• Problem to work on:
The copy must run from the line containing "UEFA Champions League" through the final line of the records, both included, exactly as written. It should contain no pictures.

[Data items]
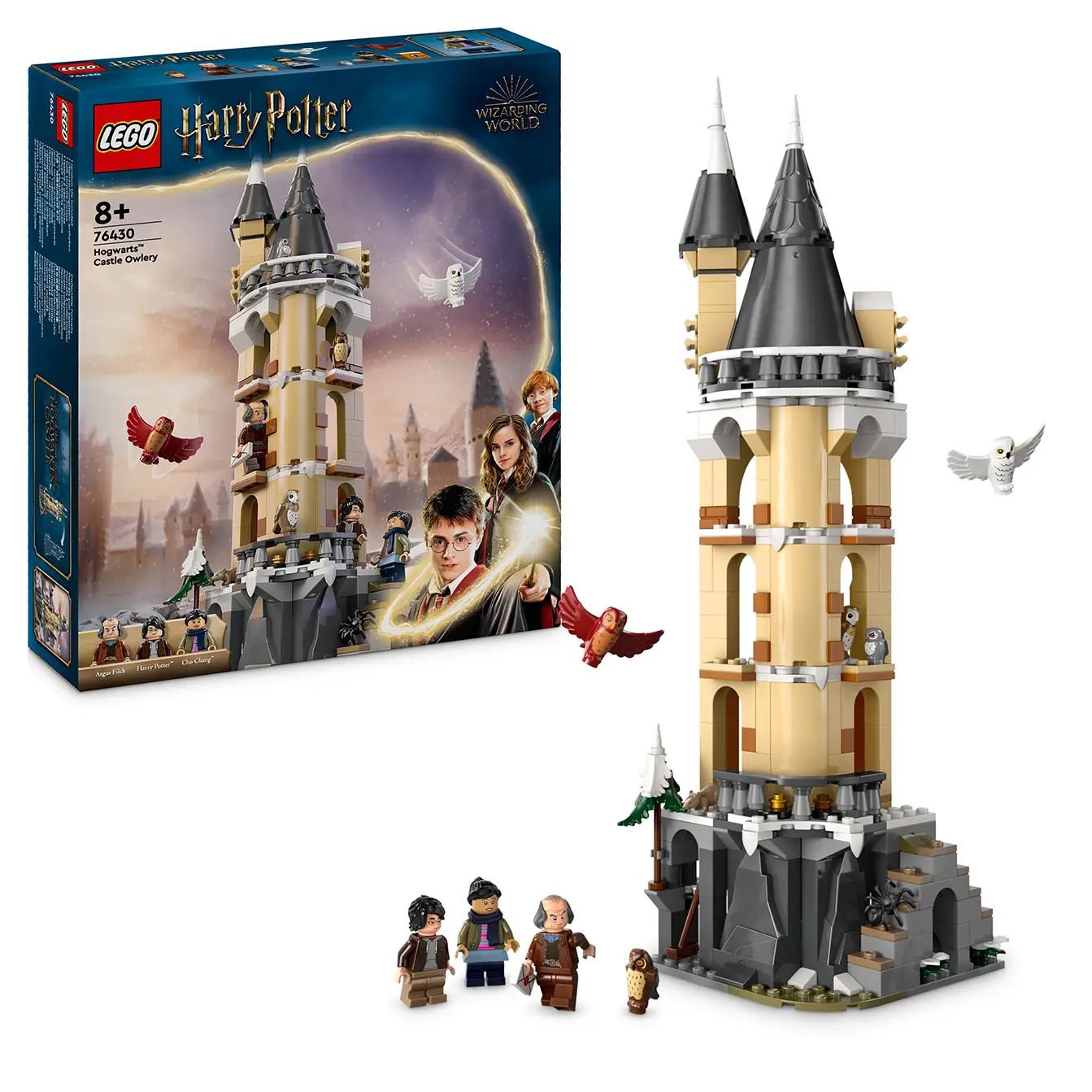 LEGO® Harry Potter™ 76430 Sovinec na Bradavickém hradě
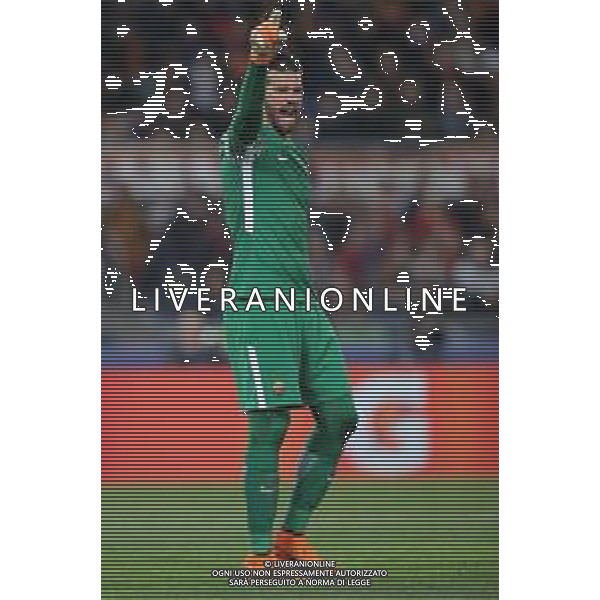 UEFA Champions League 2017/2018 Quarti di Finale Ritorno Roma - 10.04.2018 Roma-Barcellona Nella Foto:Alisson Becker /Ph.Vitez-Ag. Aldo Liverani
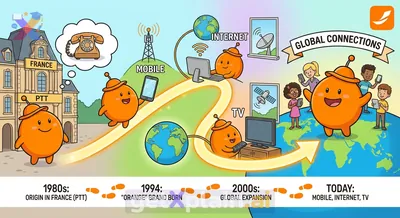 What is Orange Telecom and How Did It Begin?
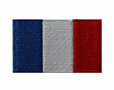 Badge vlag Frankrijk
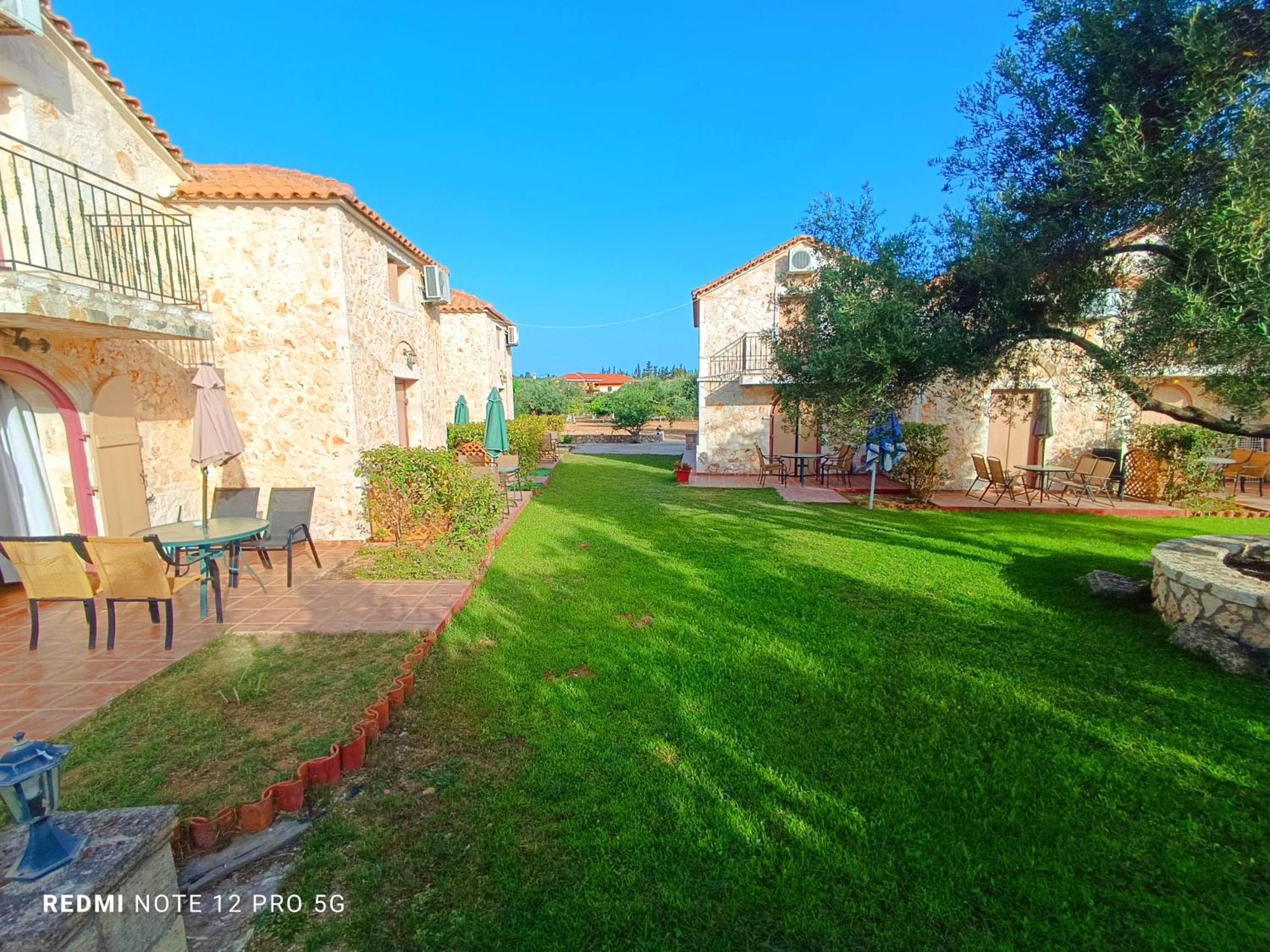 Spasmata Village Stone Maisonette Minia Exterior foto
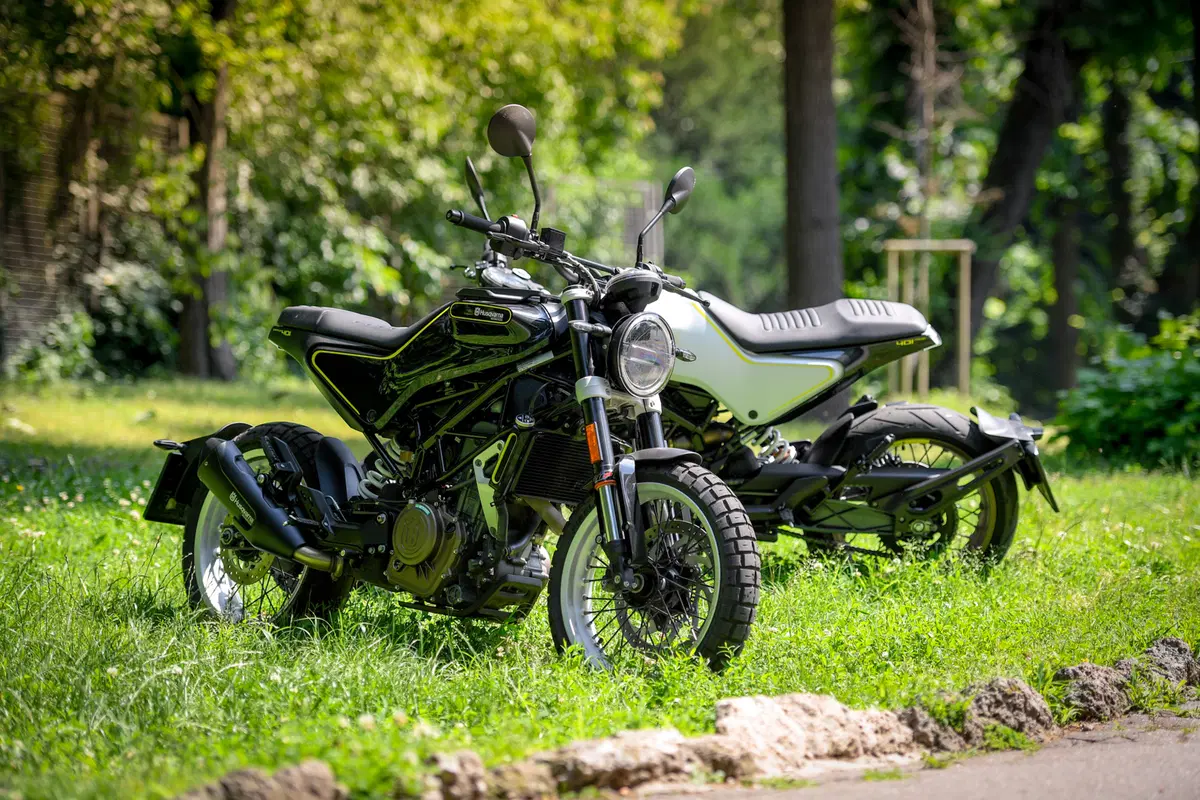 Husqvarna Svartpilen e Vitpilen 401 – Potere ai piccoli (22)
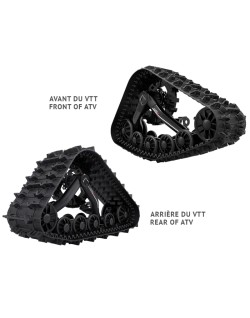 Kit chenilles KIMPEX Commander WS4 Arctic Cat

• The completed task:
 UEFA Champions League 2017/2018 Quarti di Finale Ritorno Roma - 10.04.2018 Roma-Barcellona Nella Foto:Alisson Becker /Ph.Vitez-Ag. Aldo Liverani
 What is Orange Telecom and How Did It Begin?
 Badge vlag Frankrijk
 Spasmata Village Stone Maisonette Minia Exterior foto
 Husqvarna Svartpilen e Vitpilen 401 – Potere ai piccoli (22)
 Kit chenilles KIMPEX Commander WS4 Arctic Cat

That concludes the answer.